The cloud that broke the camel's back.

June 2026, started like any other month. Winter had just begun here in Australia and I had many drawing nights ahead of me. Drawing in winter is such a treat, never having to worry about sweaty hands on fresh paper, smudging pencil pigment with said sweaty hands, and being able to rug up with a hot coffee and draw for hours with a good audiobook; in my professional opinion, there's nothing better.

So here I was at the start of June, I'd been working on the second piece TEMPEST of my ENTROPY trilogy since February 2026 and I could see the light at the end of the proverbial tunnel. I thought I had about four more weeks left of work, then I could begin the final piece in the series, VEIL. Little did I know that I was at the start of my most challenging month creatively this year, and not dramatically, probably my entire art career. I promise, not dramatic at all!

So to put this miserable tale in context for you dear reader, I must explain a little of my process to you. I use a very light hand to apply layers upon layers of coloured pencil on heavy textured art paper. Generally I complete each section of a drawing to about 90% before moving onto the next, filling in that final 10% at the end of a drawing. TEMPEST at the start of June, oh boy. Already I could see it was the best work I'd completed (or not completed) to date. I had one final section to do, and then I could go back and make tweaks before scribbling my name on the bottom and calling it a day. I estimated being done by month-end. VEIL to commence July, and completing the trilogy by the end of 2026. Everything looked to me like it was wrapped up in a neat little Entropy package.

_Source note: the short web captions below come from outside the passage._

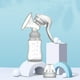 thumbnail image 5 of Breast Pump Manual Breast Pump Hand Breast Pump Manual Control Breast Pump Silicone Manual Control Breast Pump Manual Breast Pump BPA Free Adjustable Suction Silicone Hand Breast ANGGREK AC7358, 5 of 8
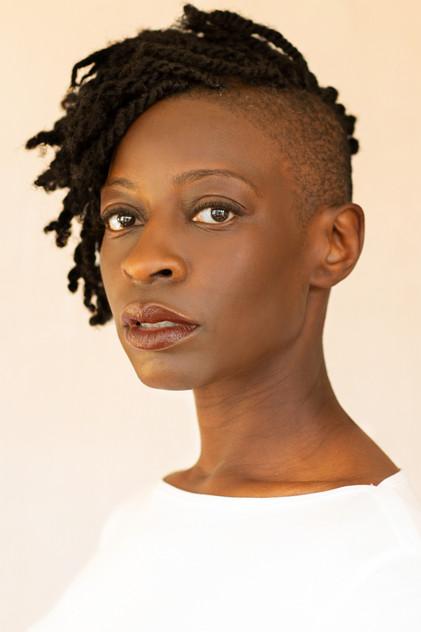 Amie Buhari - Actor Profile Photo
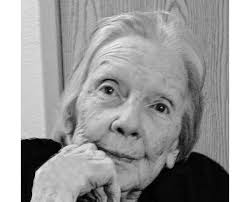 Yvonne DEAL Obituary (1928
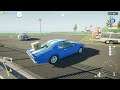Motor Town Behind The Wheel Gameplay (PC Game)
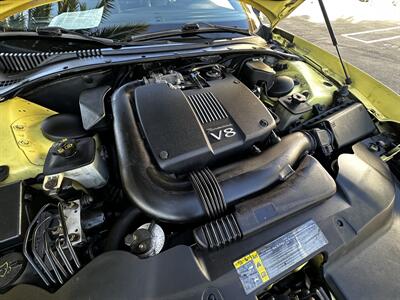 2002 Ford Thunderbird Deluxe   - Photo 18 - Vista, CA 92084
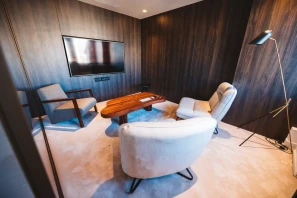 Bureau privé - 75010 - 6 postes - 3000€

Working on this final section (the cloud, OH THE CLOUD!), I made an error in judgement and overcommitted to a dark value. Usually I'm super hesitant to introduce darker tones because they are difficult to correct if there’s a mistake. I tried to work darker values around it to make it better. It didn't. I decided to erase that particular area of the cloud and rework it. Now here's where the heavy paper and the many layers is relevant. The paper accepts the pigment and is almost stained by the colour. So yes the layers come away but there's still a slight hue to the paper. No matter, we continue.

Then we have the problem of the paper tooth. The surface texture/tooth that has been drawn on is more compressed than fresh paper, so it accepts the new layers of pigment a little differently, resulting in a somewhat speckled effect that shows through only in the repaired area. Don't get me wrong, the area that I'd repaired was passable and the cloud overall looked okay. But I could still see this little speckled puff of cloud. It was taunting me.

So then I decided to whip out my trusty (or not) solvents, to try and soften and blend out (hopefully) the speckled area, and Bob's your uncle. SPOILER ALERT: Bob was, in fact, not my uncle. An hour into my solvent experiment, I was looking at Mr Bean's "Whistler's Mother" in cloud form. The speckled puff was now a swirly mess. Thankfully for heavy art paper it can take a beating, but the puff was now standing out more than ever. I finally had to bite the bullet, and decided to erase the entire cloud, with the reasoning that at least if this speckled, compressed texture was unavoidable, the entire cloud would carry it and there wouldn't just be one area of speckle standing out from the rest.

So with the most gut-wrenching feeling, I erased two weeks of work that I'd put into this cloud. That night I couldn't sleep because of how frustrated I felt. The next night it was business as usual and I set to work at the desk on cloud V2. Working in such light layers means that it takes several nights of work for sections to progress before seeing if an area is working. So for two weeks I worked every night on the new cloud, slowly adding layers to V2. Now don't get me wrong, I could still see the speckled effect, now distributed across the entire new cloud, but the question I was trying to answer was if the whole cloud would look wrong once it was completed with this effect consistent through the whole section?

I got to the end of cloud V2. TEMPEST was technically complete with 10% left of tweaks over the entire piece. Let me say, it did not look awful. But. It was just a pass for me. I felt like I had pushed myself technically through the whole piece, pushing the boundaries in each section of my ability, and the cloud just seemed anticlimactic to me. It was an average end to a piece that I was so so proud of. So I sat on the idea for a few days. But the seed that had been planted at the foot of Whistler's Mother's chair was growing and I couldn't ignore it anymore. I knew deep down, I needed to start again.

Not the section.

Not the cloud.

The entire thing.

I had known it from the minute I'd put the dark value down, but I'd wasted a month now on trying to repair something that I knew ultimately I would never be proud of, knowing how much I could have gotten out of this piece if I had pulled it off the way I'd imagined. And whilst the feeling made me so miserable and quite a bit mad, five months of work down the drain, I realised that I was more attached emotionally to what I knew this piece could become than I was to the time I'd already invested into it.

So with the least amount of enthusiasm I've ever had when beginning a new piece, I untaped TEMPEST V1 from the drawing board and taped a fresh piece of paper up. And thus, TEMPEST V2 was born.

Yeah, June wasn't my favourite, to say the least.

R

PS. It's July now and TV2 is going wonderfully, you'll be glad to know we are getting along for the moment, AND I'm glad I restarted. The lessons are not always easy ones.